INFORMATION:
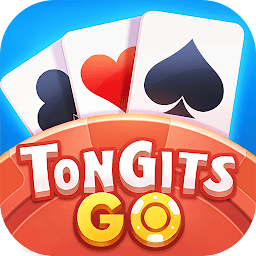 Tongits Go app in PC – Download for Windows 7, 8, 10 and Mac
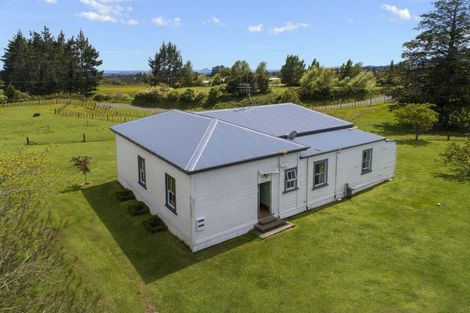 Photo of property in 320 Glue Pot Road, Oropi, Tauranga, 3173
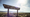 Episode 811: Arriving by Pony Express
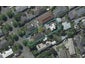 2/57 Ngaio Street, Saint Martins, Christchurch - Carousel 1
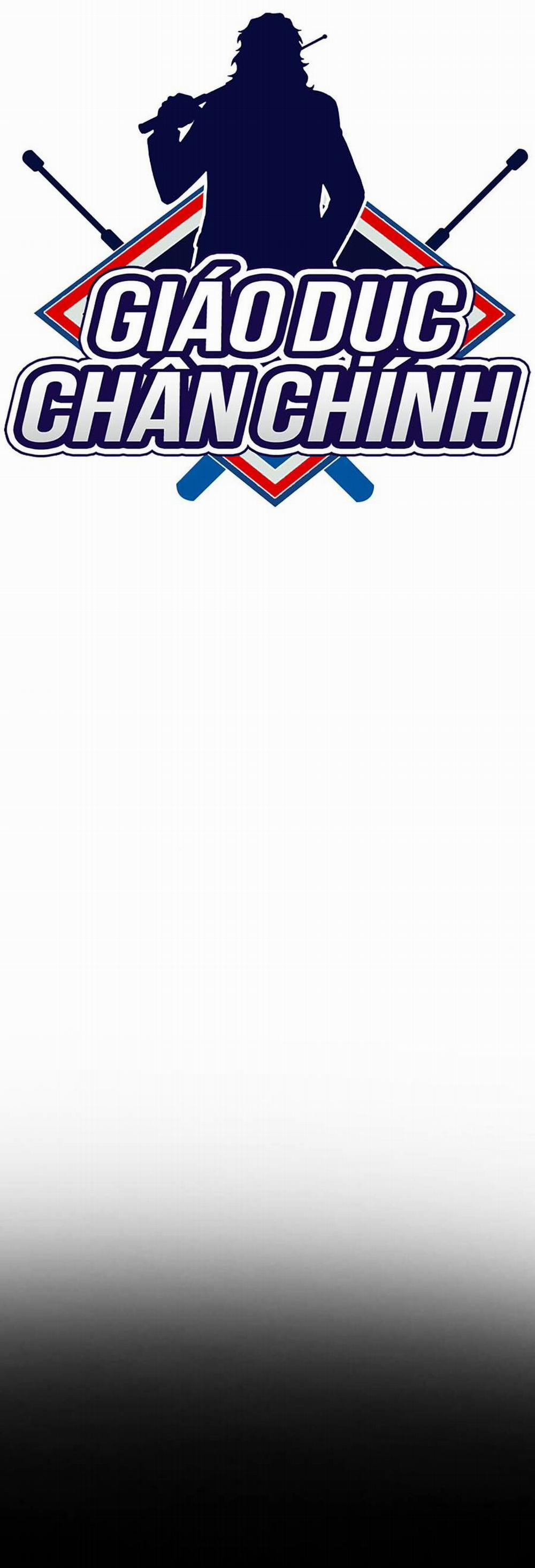 Giáo Dục Chân Chính 116 trang 14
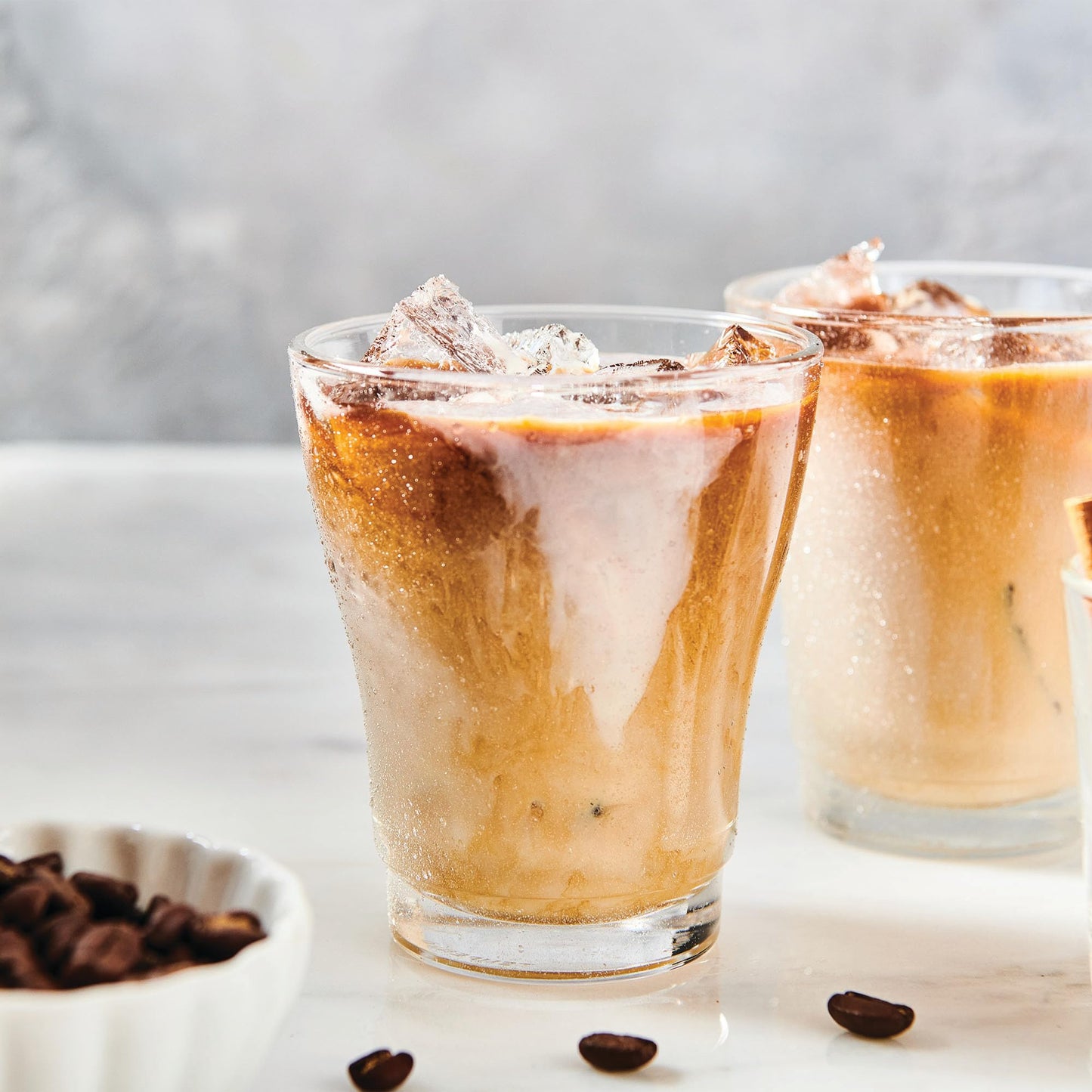 McCormick Cinnamon Sticks - 0.75 Oz - Pack of 1 - Spice for Baking and Cooking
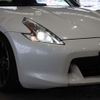 nissan fairlady-z 2010 -NISSAN--Fairlady Z CBA-HZ34--HZ34-200023---NISSAN--Fairlady Z CBA-HZ34--HZ34-200023- image 16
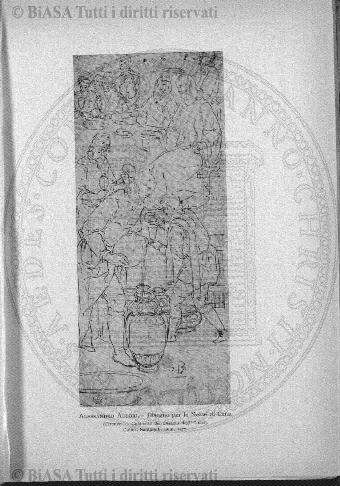v. 12, n. 11 (1845-1846) - Pagina: 81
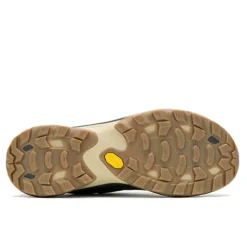 Merrell Men`s Moab Speed 2 LTR WP sko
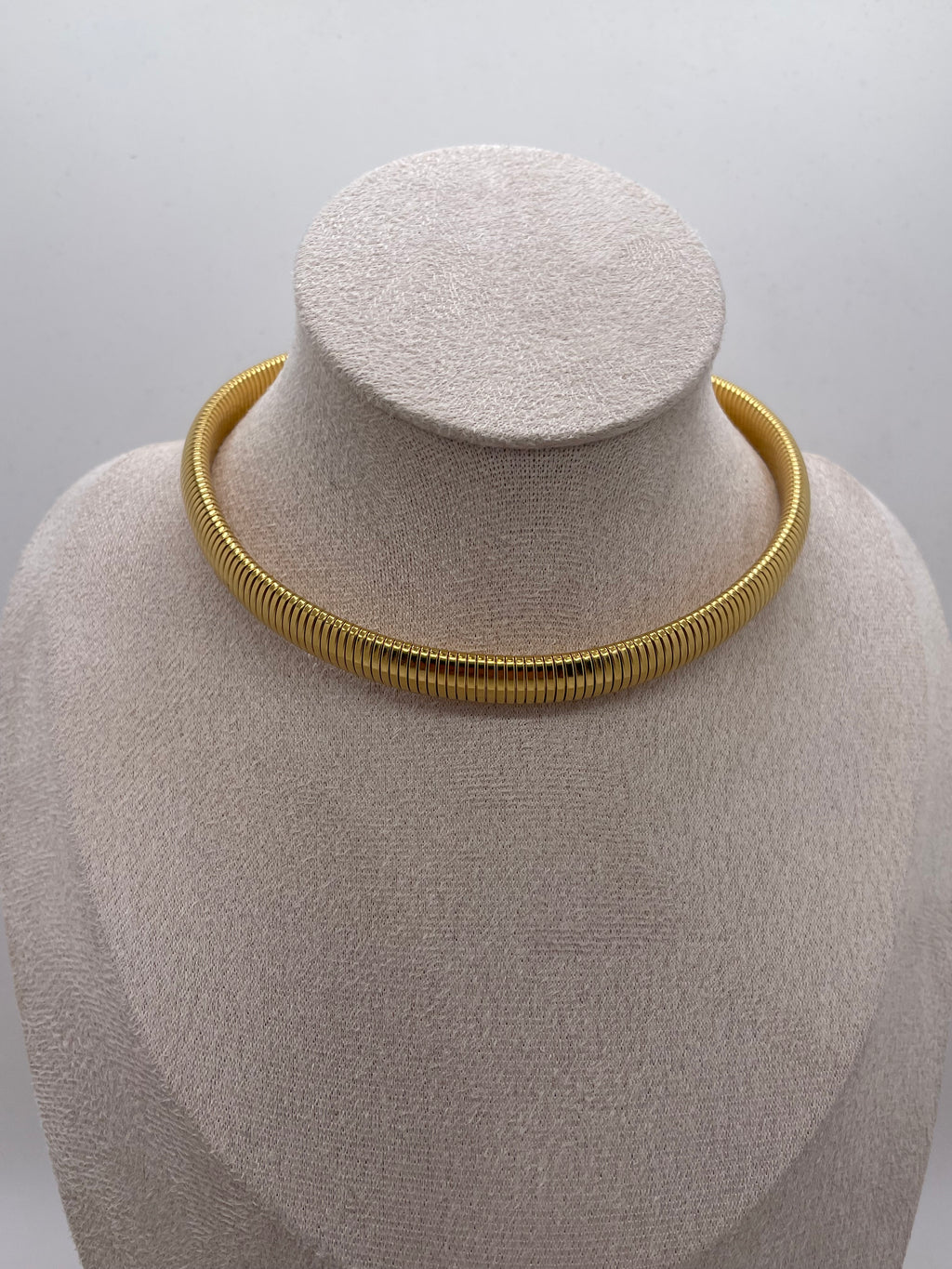 Himo Necklace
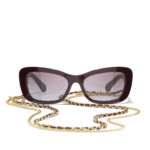 1461S1 Rosso Vendome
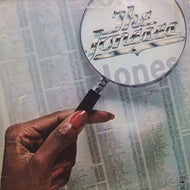 JONESES / JONESES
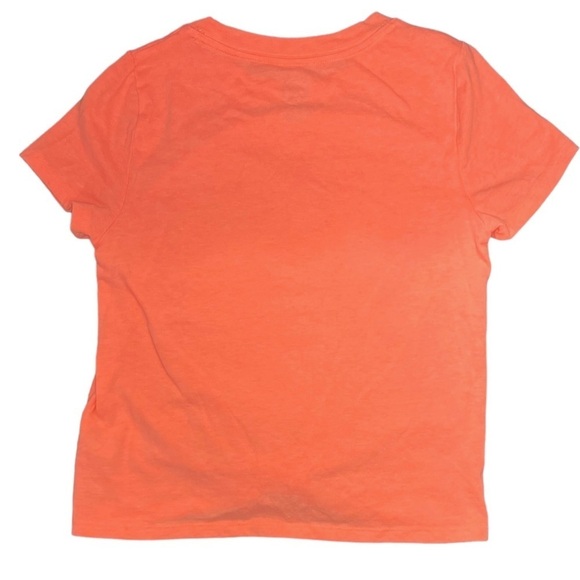 🌵🕶️Cute cactus flip sequin t-shirt! - Picture 4 of 9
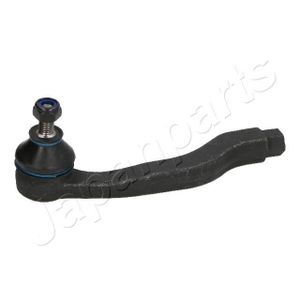 Spoorstangeind TI406L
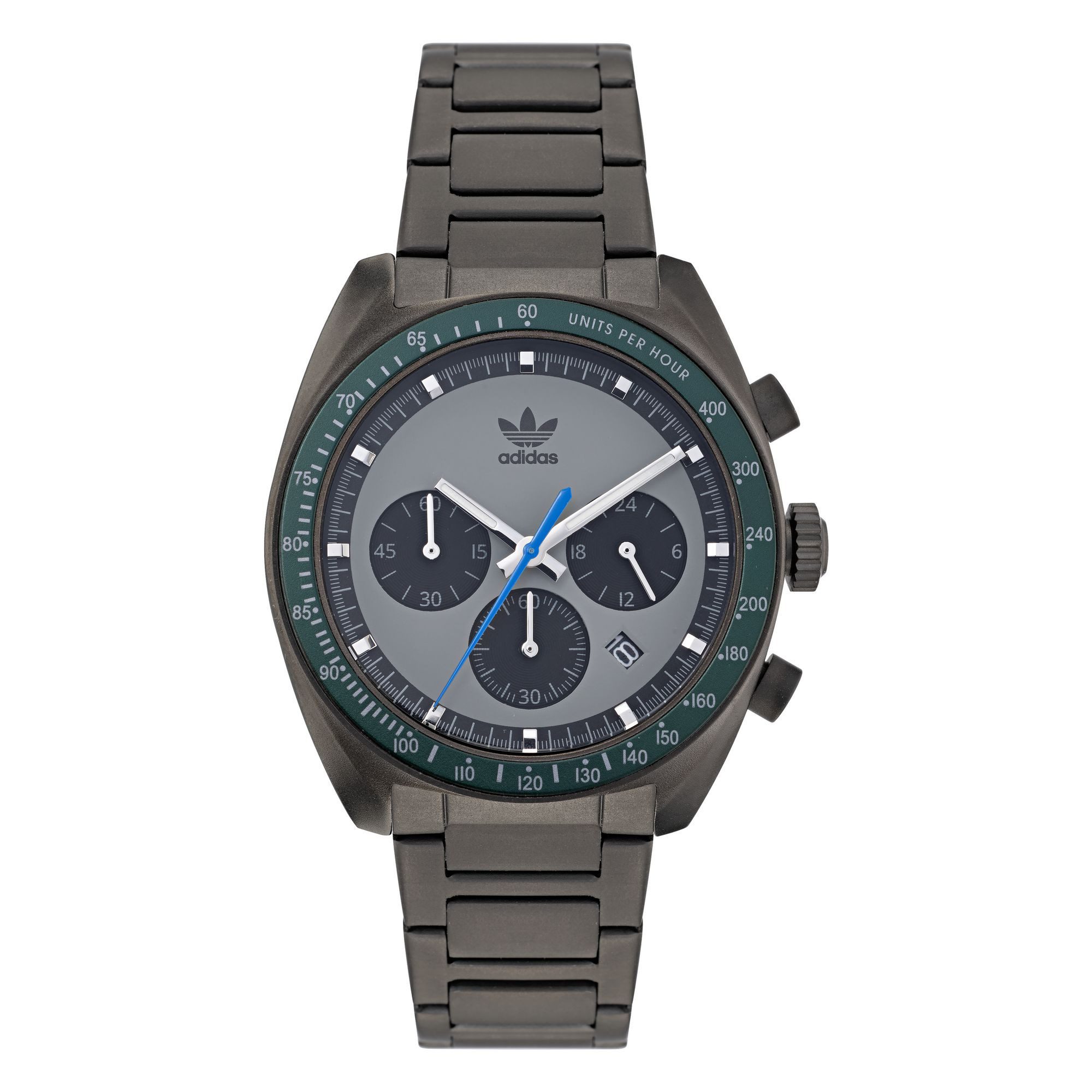 adidas Originals Chronograph Edition One Chrono günstig online kaufen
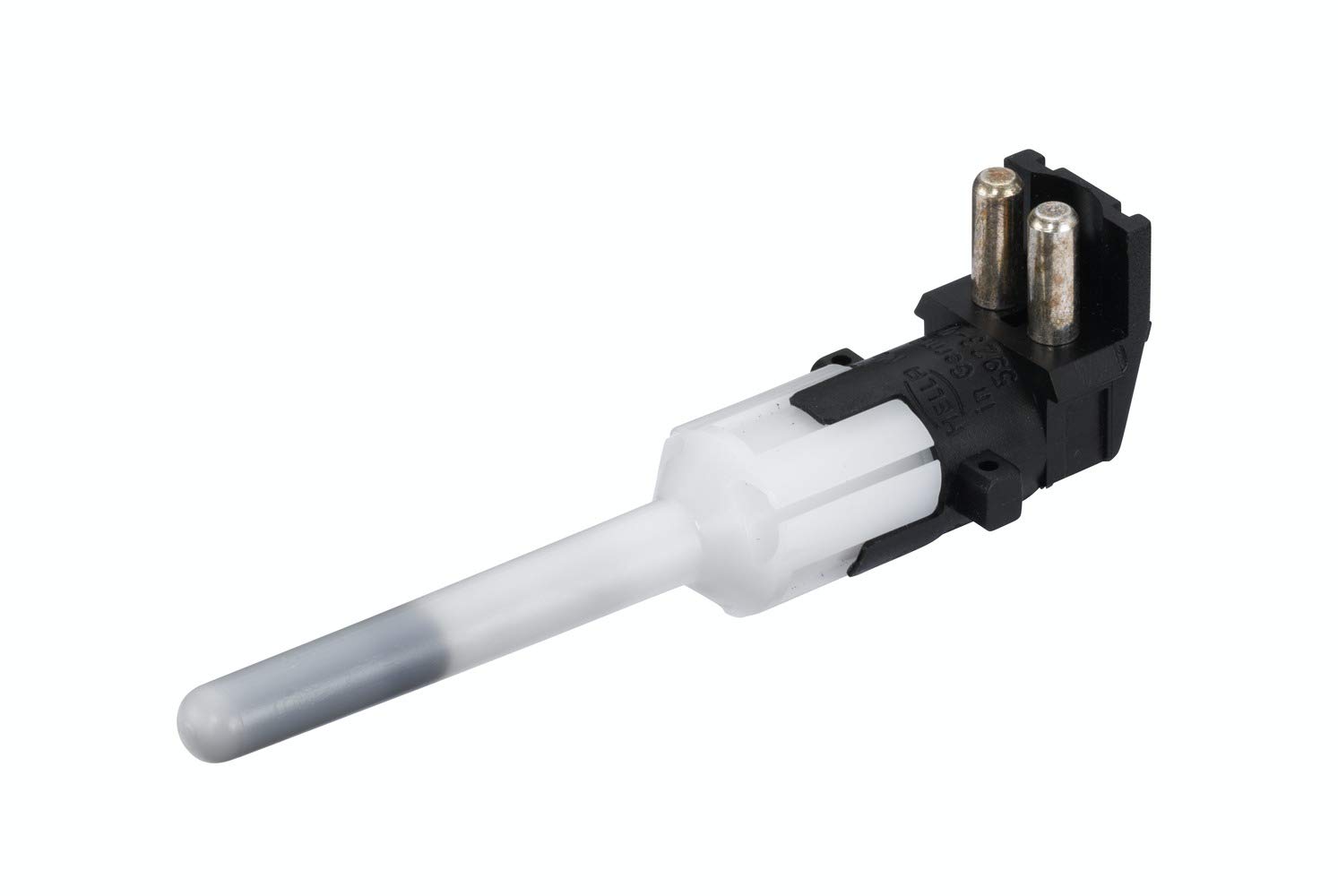 HELLA 6PR 005 923-051 Interruttore contr. livello, Indic. insuff. refrigerante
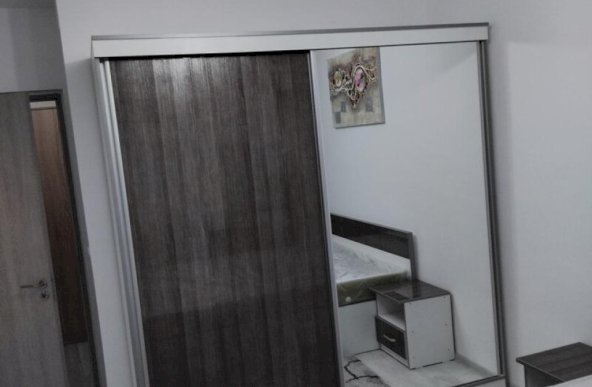 Apartament 2 camere IANCULUI 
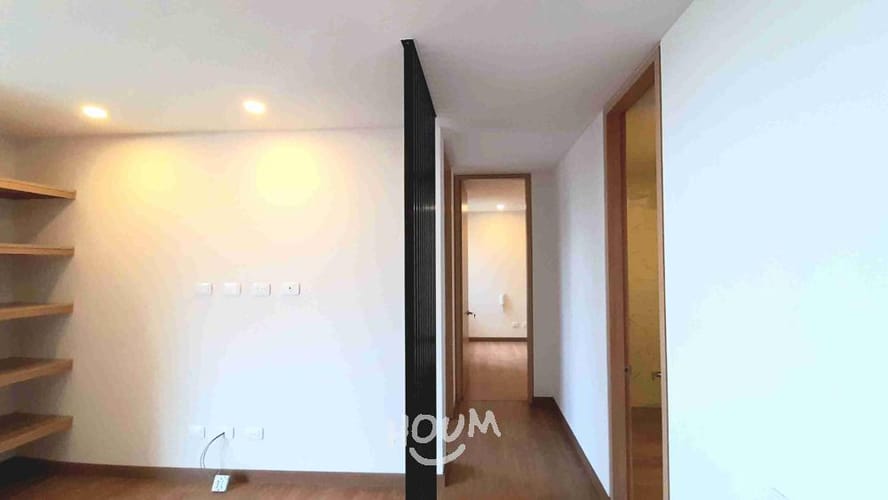 Apartamento de 2 alcobas en venta en Colina Campestre, Bogotá, 62 m² · foto 14 de 24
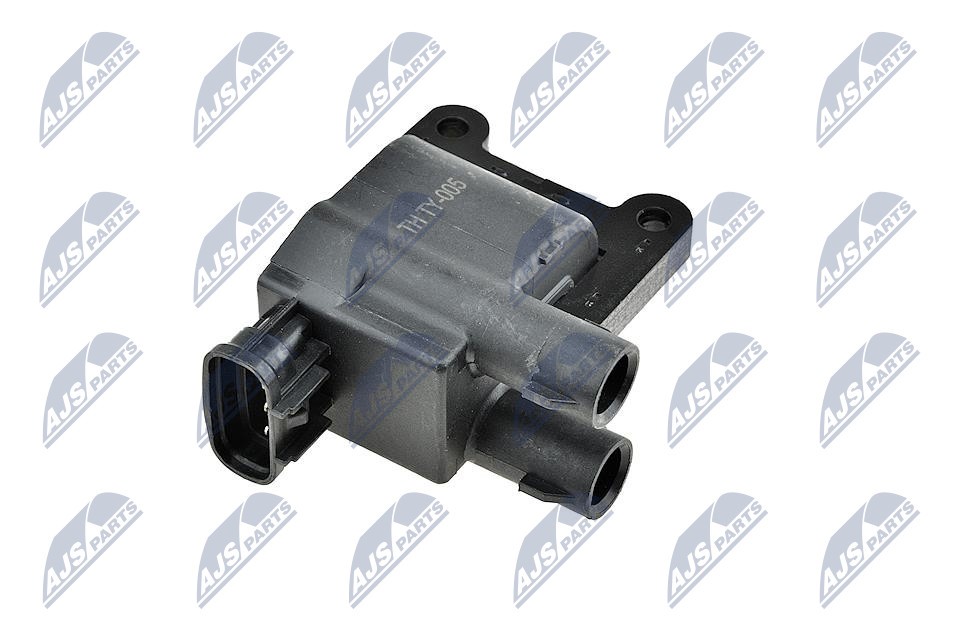 Ignition Coil NTY ECZ-TY-005 2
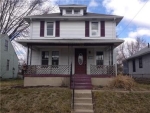 1244 West Mulberry St Springfield, OH 45506 - Image 1320487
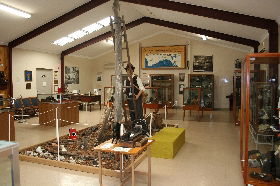 Tweed Heads Accommodation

WHAT TO WORK ON: Starting with the line that has "v. 12, n. 11 (1845-1846) - Pagina: 81" and ending with the last line of the records, retype every line exactly and only those lines. Do not include the pictures.

EXERCISE RESPONSE:
v. 12, n. 11 (1845-1846) - Pagina: 81
 Merrell Men`s Moab Speed 2 LTR WP sko
 Himo Necklace
 1461S1 Rosso Vendome
 JONESES / JONESES
 🌵🕶️Cute cactus flip sequin t-shirt! - Picture 4 of 9
 Spoorstangeind TI406L
 adidas Originals Chronograph Edition One Chrono günstig online kaufen
 HELLA 6PR 005 923-051 Interruttore contr. livello, Indic. insuff. refrigerante
 Apartament 2 camere IANCULUI 
 Apartamento de 2 alcobas en venta en Colina Campestre, Bogotá, 62 m² · foto 14 de 24
 Ignition Coil NTY ECZ-TY-005 2
 1244 West Mulberry St Springfield, OH 45506 - Image 1320487
 Tweed Heads Accommodation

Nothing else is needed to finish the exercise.